Launched from the ground, aircraft, surface ships or submarines, hypersonic missiles could strike time-critical targets at long range much more quickly than today's conventional weapons, and would be very difficult to intercept.
"Hypersonic weapons can be more survivable because of the extreme speed and high altitude. They would be hard to stop," said J.R. Smith, director of Raytheon's Advanced Land Warfare Systems.
At Raytheon's Missile Systems business in Tucson, Arizona, engineers are working to overcome the challenges posed by the combination of speed and the extreme environmental conditions in which the missiles must operate.
"Hypersonics are the new frontier of missile design and development," said Dr. Tom Bussing, vice president of Raytheon's Advanced Missile Systems.
Because the missile heats up as it accelerates through the atmosphere, its sensitive inner electronics must be protected from blazing temperatures without adding extra weight, which can affect speed and guidance. Raytheon is using advanced materials to build heat shields that cocoon and shield the electronics inside the missile.
It's also challenging to control the missile's guidance systems at high speeds. Raytheon is relying on its decades of expertise in advanced guided weapon systems to solve the problem.

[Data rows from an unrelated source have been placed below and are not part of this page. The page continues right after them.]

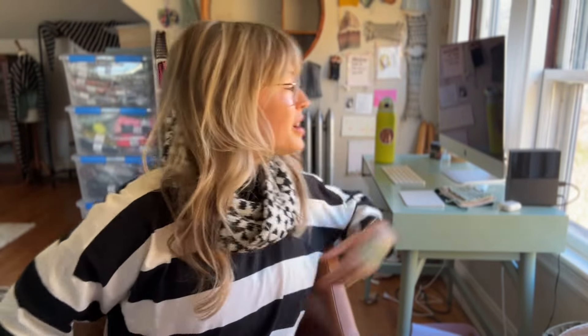Hi there and welcome to 'I'll Knit If I Want To.' I'm Andrea Mowry of Drea Renee Knits, and this is a little weekly podcast where I try my best to answer some of your questions.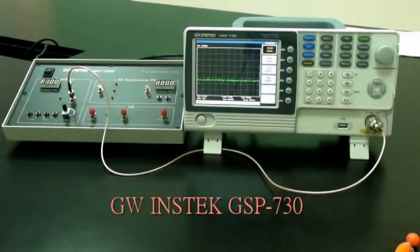Experiment steps. First, turn on the GRF1300 and GSP730. Set the GRF1300 baseband as follows.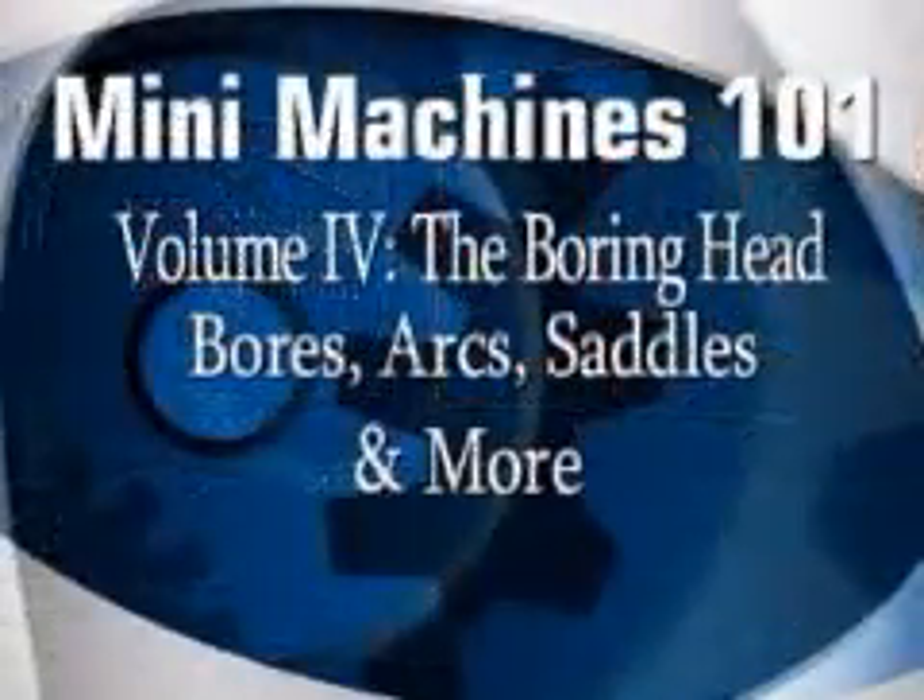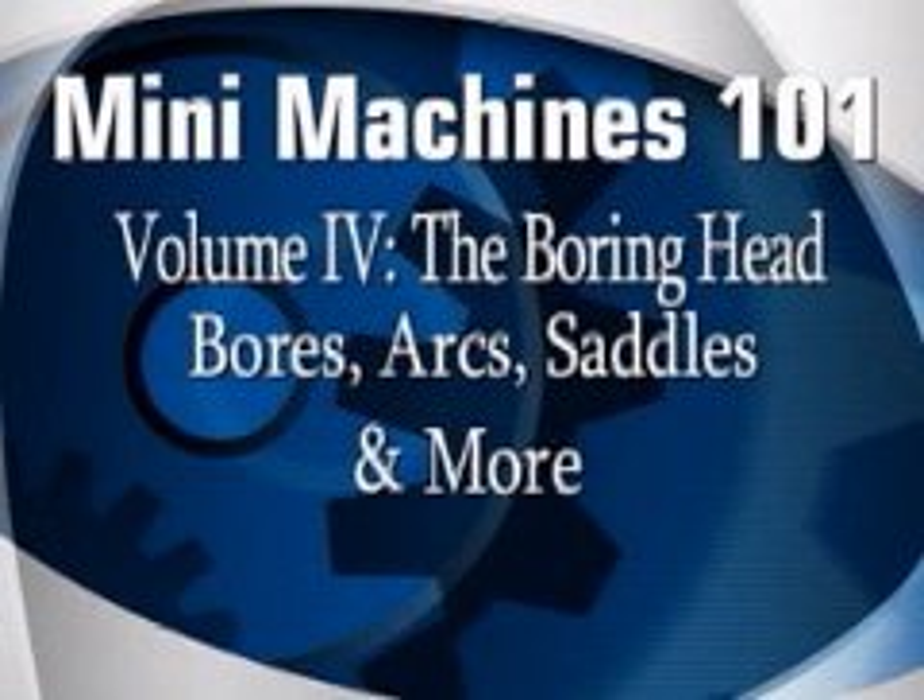We can't keep you safe. Only your own good common sense will do that. We just want to kick-start that survival instinct, so to speak. We have a lot of ground to cover, so let's get to it. As always, we at Swarfrat want to thank you for purchasing this presentation, and we wish you much happiness and success in your metalworking endeavors.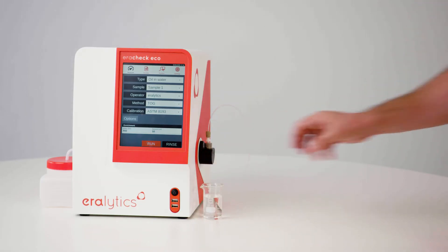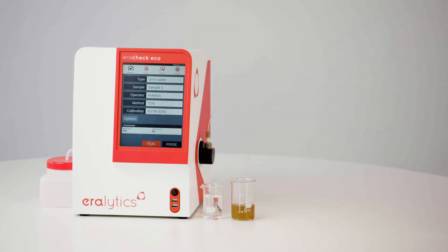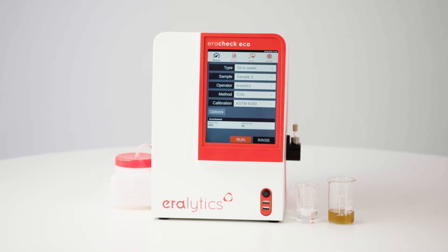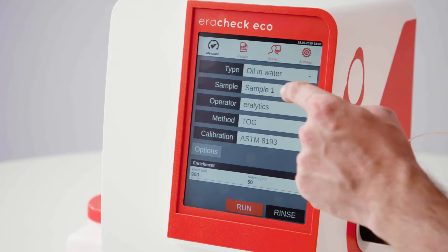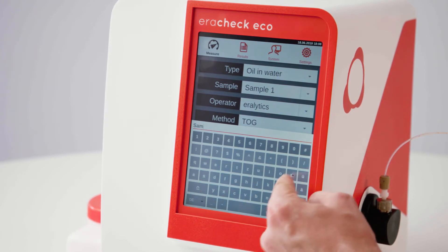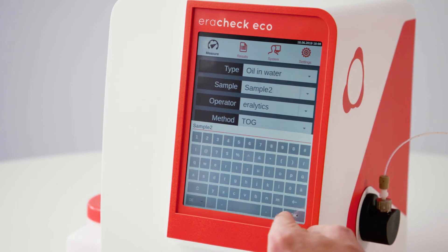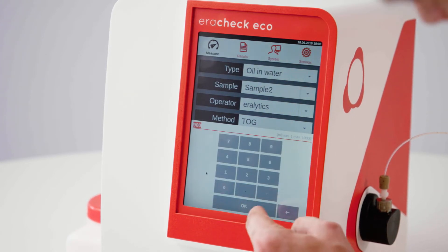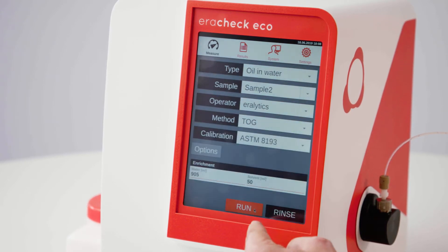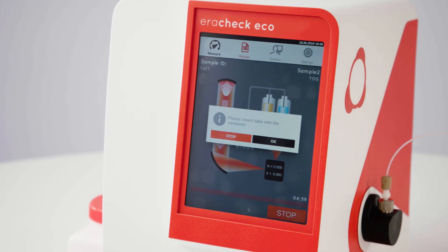Now the extracted sample is ready for automatic analysis by Arachek. The intuitive user interface guides you through the measurement. Enter a sample ID, operator, and enrichment factor. If required, adjust the method or select a user-generated calibration. Press Run to start the fully automated measurement.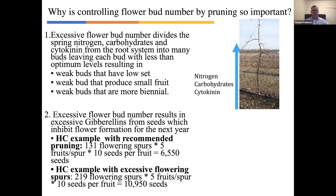That results in weak buds. Weak buds have low fruit set, they produce small fruit, and weak buds are more biannual. If we can reduce the bud number through pruning — and this pruning has to be done before green tip, because if done after green tip the tree has already pushed many of its reserves into buds that you're cutting off — each of the remaining buds will get more nitrogen, more carbohydrates, and more cytokinins, resulting in more vigorous buds, larger fruit size, and less biannuality.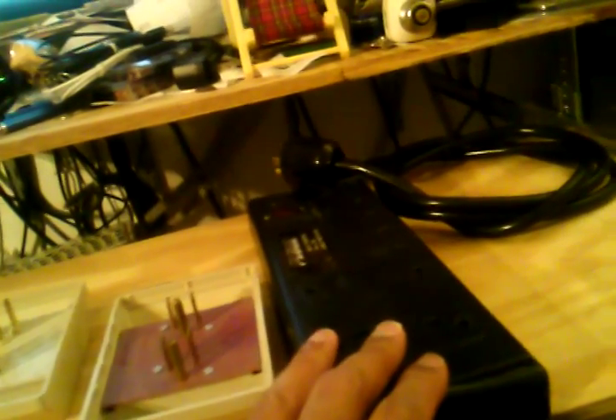This device here is also a surge protector. I believe it goes up to over 3,000 — maybe 3,150 joules. This is good for computers and highly sensitive electronics such as a home theater receiver.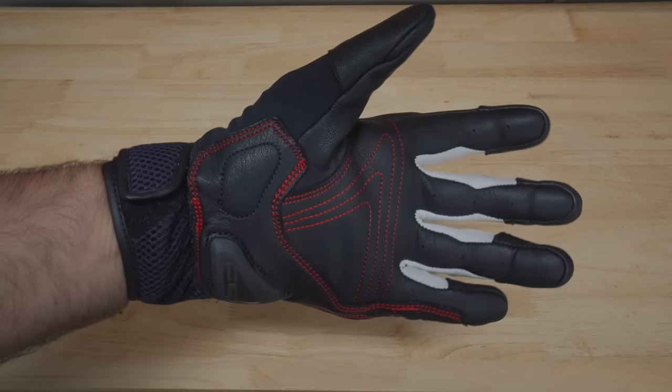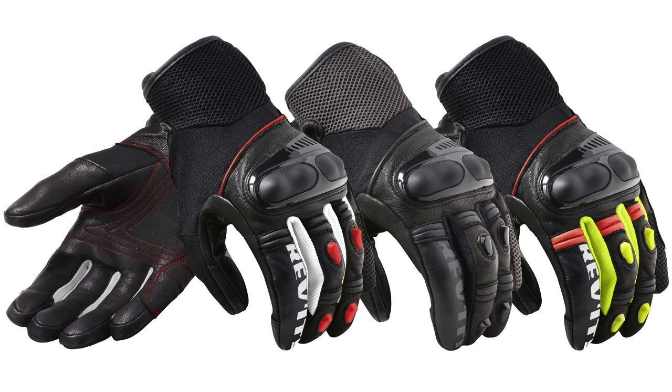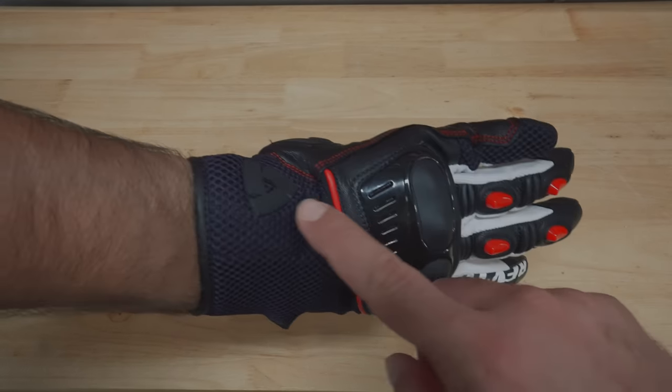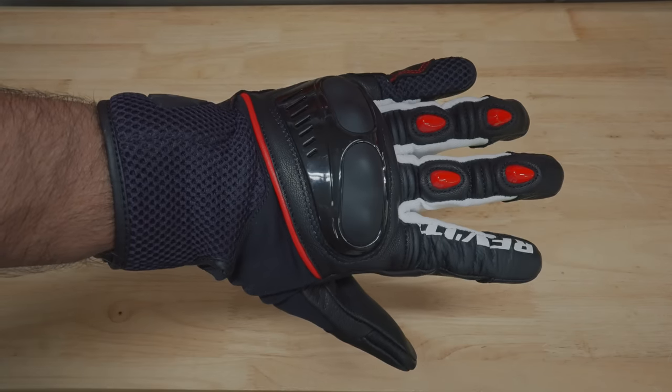Let's talk about the look of the gloves. In my opinion, they look great — they are not overly bulky, and they come in three different colors: an all-black version, a black and yellow with red accents, and my favorite, the black and white with red accents. Also notice that each color will have the Revit logo on the index finger spelled out, as well as the Revit symbol logo on the wrist. Overall, to me, a great-looking glove.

"It's our culture," said Raytheon's Chris Toal, technical lead for Advanced Air and Missile Defense, adding that the company "excels at successfully combining propulsion, guidance control, sensors and payload into one package."
There are two approaches to solving the hypersonic challenge, known as scramjet and boost glide.
The air-breathing scramjet relies on high speed for its power. As it accelerates, more air and fuel are pushed into the engine, allowing it to accelerate to hypersonic speeds.
For a tactical-range boost glide weapon to achieve hypersonic speeds, "a rocket accelerates its payload to high speeds. The payload then separates from the rocket and glides unpowered to its destination," according to the DARPA website.
Hypersonics won't replace today's weapons, but they will complement the many sub- and supersonic missiles already in the U.S. military's inventory.
Flight tests for Raytheon's hypersonic missiles are expected in two to four years.
The hypersonic missiles are being developed under multiple U.S. government contracts, and with an investment from Raytheon itself. According to Toal, U.S. Department of Defense technology development efforts helped to mature the technologies needed for hypersonic weapons.
"It's no longer science fiction," he said. "It could soon be science fact."